Quando vi a cena do menino empinando a pipa, logo me veio à mente a série de pinturas de Cândido Portinari, Meninos soltando pipas, na qual, através de uma sequência de obras, ele retrata crianças de sua cidade natal, Brodowski, São Paulo. Segundo o próprio Portinari, pintar era uma forma de relembrar a sua infância — algo que eu, como fotógrafo, também senti. Eu fui esse menino que empinava pipa. Talvez eu tenha tido a sorte de crescer antes de as máquinas chegarem (sorte?). Ao fotografar aquela cena, e mesmo pensando em todas as coisas que descrevi acima, pude voltar no tempo e reviver na minha memória o menino que um dia se encantou com a pipa dançando com o vento.


Portinari dizia: “A paisagem onde a gente brincou pela primeira vez não sai mais da gente”. No instante da foto, pude recordar a paisagem onde brinquei quase toda a minha infância, e isso me fez lembrar de uma frase que há muito tempo me intriga: “Houve um dia em que… pela última vez, você e seus amigos de infância saíram para brincar na rua e voltaram para suas casas sem que nenhum de vocês soubesse que seria a última vez”. Não sei de quem é a frase, mas ela me provoca. E, ao ver o menino, pensei nela. Será que ele vai se dar conta desse último dia? Acredito que não.
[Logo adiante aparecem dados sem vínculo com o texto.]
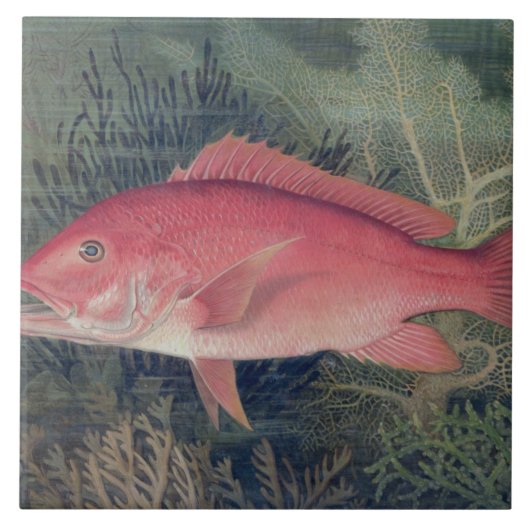 Red Snapper uit 'Game Fishes' van de Verenigde Sta Tegeltje (Voorkant)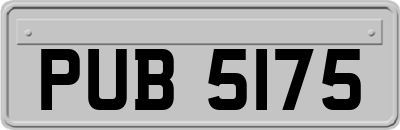 PUB5175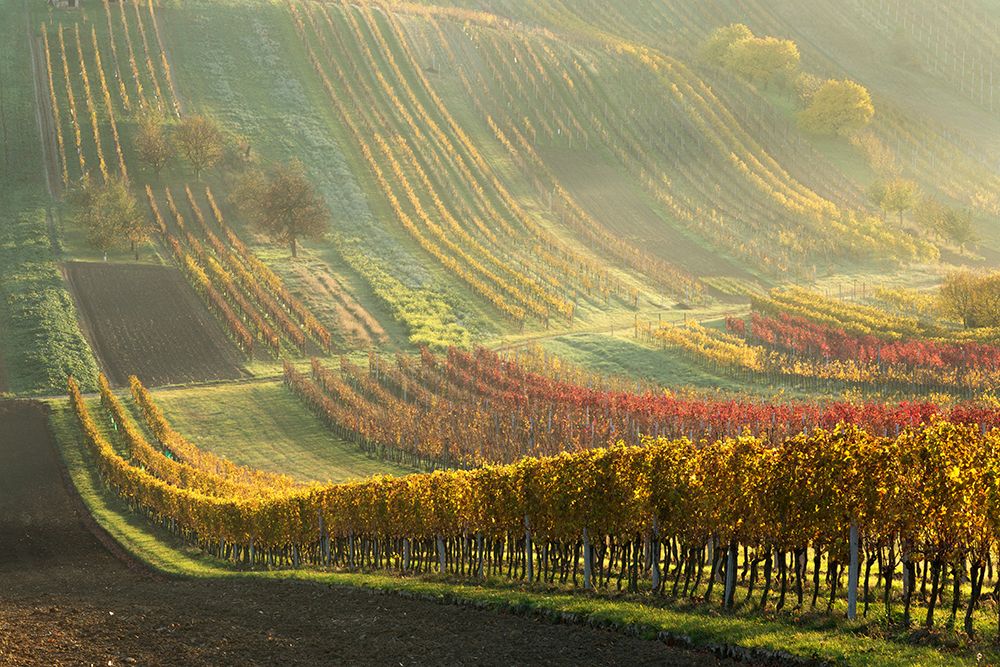 Autumn Vineyards art print by Anna Pakutina for $57.95 CAD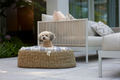 Lazy Linen Stripes Natural/Blue - Hundeseng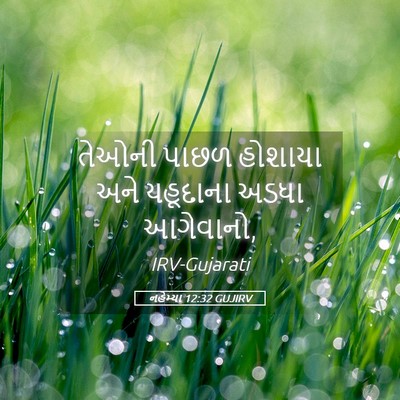 Picture 05 - નહેમ્યા 12:32 GUJIRV - તેઓની પાછળ હોશાયા - Bible Verse Picture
Ainda sobre a fotografia, Pablo Neruda tem um poema que diz mais ou menos assim: “Algum dia, em qualquer parte, em qualquer lugar, indefectivelmente, encontrar-te-ás a ti mesmo, e essa, só essa, pode ser a mais feliz ou a mais amarga das tuas horas.” Eu diria ao poeta que ele tem razão, mas acrescentaria que esse encontro não será só um dia, mas vários dias. E a fotografia faz com que eu me encontre comigo mesmo todos os dias.